A sostenere l’iniziativa, alcune realtà della società civile italiana, in particolare i missionari della ‘Rete pace per il Congo’ e l’associazione ‘Maendeleo’, e le senatrici Albertina Soliani (Pd) e Barbara Contini (Fli). Presente all’evento, anche il congolese John Mpaliza, protagonista l’anno scorso di una marcia di sensibilizzazione da Reggio Emilia a Roma.
È una situazione cupa, reduce di un processo elettorale segnato da brogli e irregolarità, segnata da forti tensioni politiche, sociali e militari, quella che è stata esposta alla Commissione del Senato. “In tutto il paese permane una situazione di insicurezza generale. Nel Nord-Kivu, si continua a sparare e a morire” hanno detto ai legislatori i portavoce congolesi, riferendosi alla nuova fiammata di violenza registrata dai primi di aprile, con l’ammutinamento del generale Bosco Ntaganda e gli attacchi commessi da altri gruppi armati. Un’ennesima emergenza che ha costretto alla fuga almeno 17.000 nuovi sfollati e profughi (in Rwanda), oltre alle migliaia di civili tuttora sfollati a causa di precedenti tensioni.
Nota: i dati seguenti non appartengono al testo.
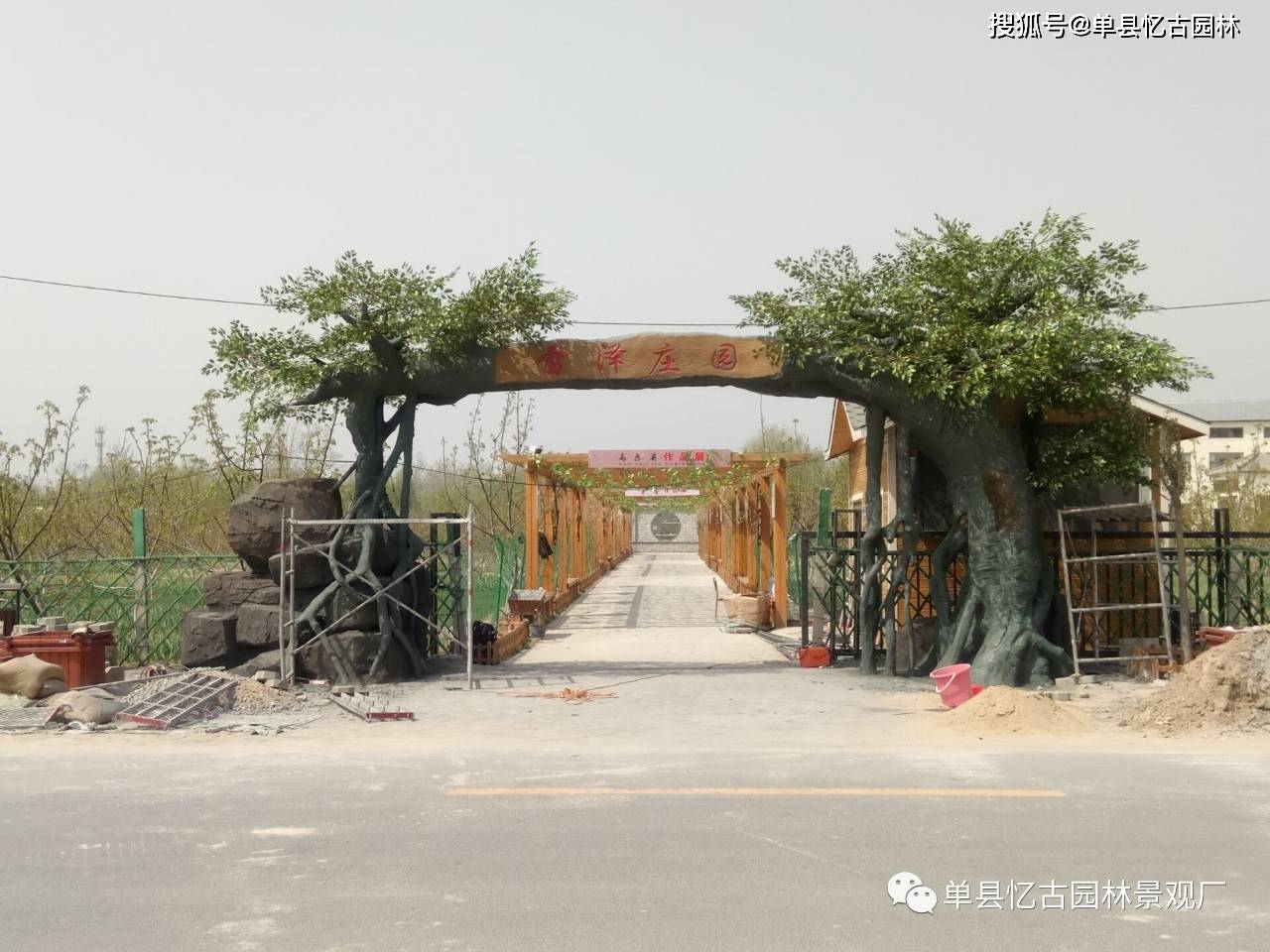 塑石假山仿真树大门图片-打造经典大门装饰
“La causa di questi conflitti non è comunitaria, non è tribale, è economica. Lo sfruttamento illegale delle materie prime del Congo – oro, coltan, rame, diamante, tungsteno, legname, per citarne alcuni – è la causa principale della guerra che dal 1996 continua a dilaniare il paese” ricorda la comunità congolese d’Italia. “La Repubblica Democratica del Congo ha il potenziale per essere uno dei paesi più ricchi del globo, eppure, attualmente, si colloca al 187° posto su 187 paesi nell’indice di sviluppo umano stilato dalle Nazioni Unite”.
Molti sono gli interrogativi posti dalla società civile al governo italiano e alla comunità internazionale:
- Perché una vita stroncata in Congo non desta la stessa indignazione e non conduce alla stessa condanna che altrove?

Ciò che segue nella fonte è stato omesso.